Section 4.02. Breaches. First Banks and First Bank & Trust shall, in
the event either has knowledge of the occurrence, or impending or threatened
occurrence, of any event or condition which would cause or constitute a breach
(or would have caused or constituted a breach had such event occurred or been
known prior to the date hereof) of any of its representations or agreements
contained or referred to herein, give prompt written notice thereof to FBA and
use their best efforts to prevent or promptly remedy the same.

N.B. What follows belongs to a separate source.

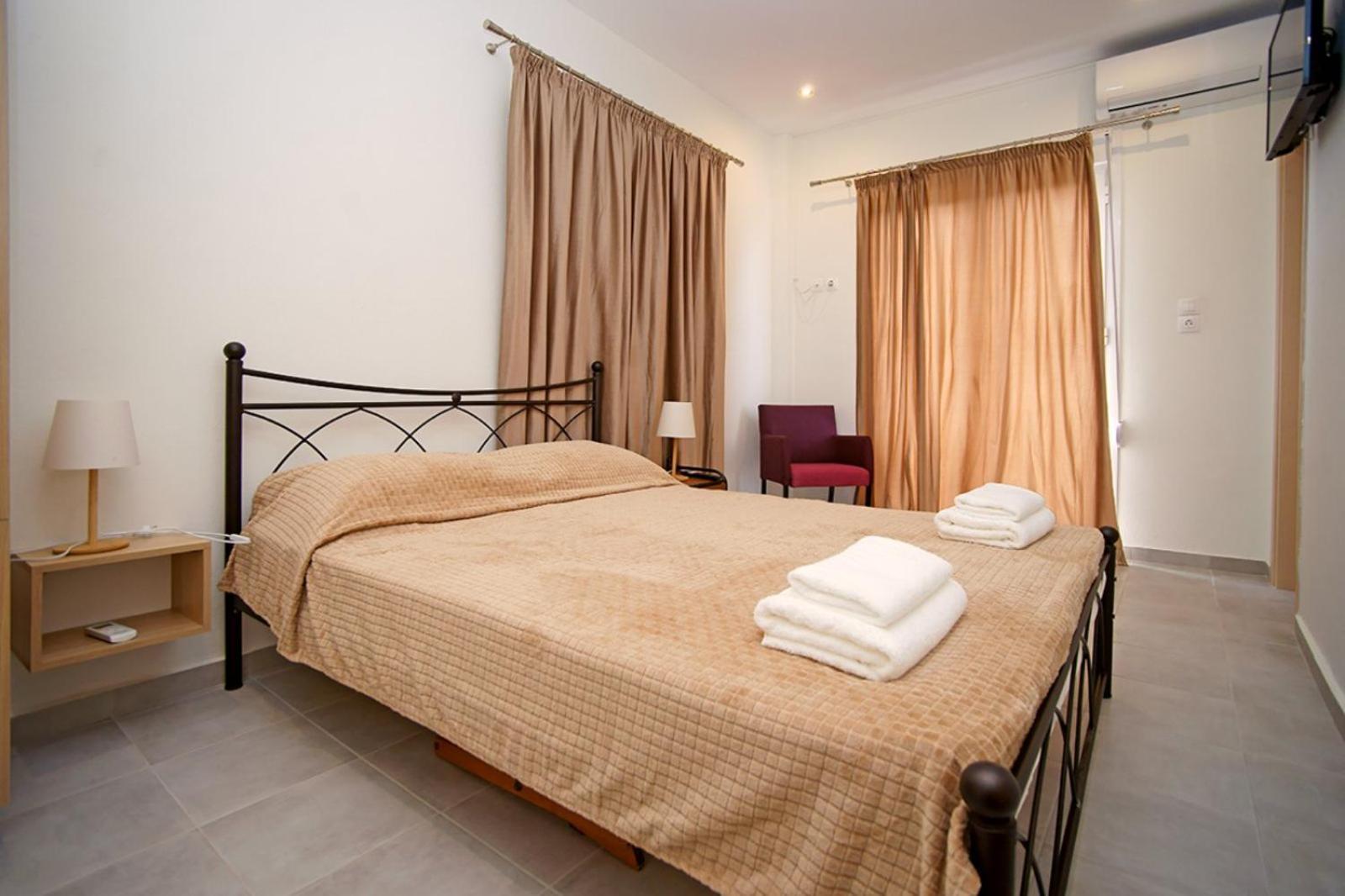 Karnagio Rooms Kyparissia Ngoại thất bức ảnh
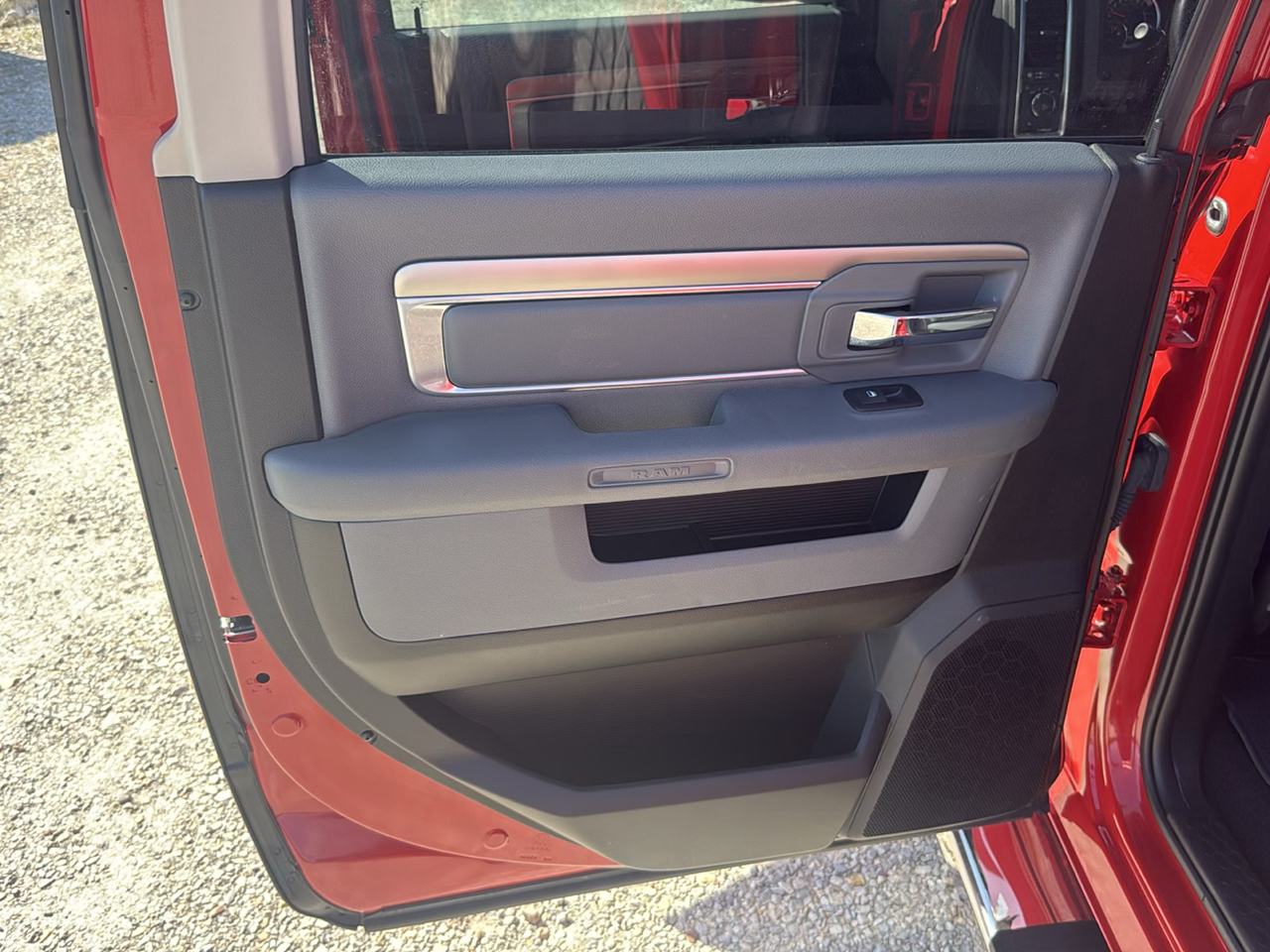 RAM 1500 Classic SLT 4x4 Crew Cab 5'7" Box 2019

Section 4.03. Submission to FBA's Stockholders. First Banks and First
Bank & Trust shall cooperate with FBA in the preparation and filing of the Proxy
Statement described in Section 5.07 and will provide to FBA accurate and
complete information, data and documents requested by FBA in connection with the
preparation and filing of the Proxy Statement.
<PAGE>
Section 4.04. Consummation of Agreement. First Banks and First Bank &
Trust shall use their best efforts to perform and fulfill all conditions and
obligations on their parts to be performed or fulfilled under this Agreement and
to effect the Merger in accordance with the terms and provisions hereof. First
Banks and First Bank & Trust shall furnish to FBA in a timely manner all
information, data and documents requested by FBA as may be required to obtain
any necessary regulatory or other approvals of the Merger and shall cooperate
fully with FBA in seeking such approvals and in consummating the transactions
contemplated by this Agreement. Promptly following the receipt of all required
regulatory approvals, First Bank & Trust shall execute the Merger Agreement,
revised if necessary to comply with any requirements imposed in connection with
such regulatory approvals.
Section 4.05. Access to Information. First Bank & Trust shall permit
FBA reasonable access, in a manner which will avoid undue disruption or
interference with First Bank & Trust's normal operations, to its properties, and
First Bank & Trust shall disclose and make available to FBA all books,
documents, papers and records relating to the assets, stock ownership,
properties, operations, obligations and liabilities of First Bank & Trust
including, but not limited to, all books of account (including the general
ledger), tax records, minute books of directors' and stockholders' meetings,
organizational documents, material contracts and agreements, loan files, filings
with any regulatory authority, accountants' workpapers (if available and subject
to the accountants' consent), litigation files, plans affecting employees, and
any other business activities or prospects in which FBA may have a reasonable
and legitimate interest in furtherance of the transactions contemplated by this
Agreement. FBA will hold any such information which is nonpublic in confidence
in accordance with the provisions of Section 8.01 hereof.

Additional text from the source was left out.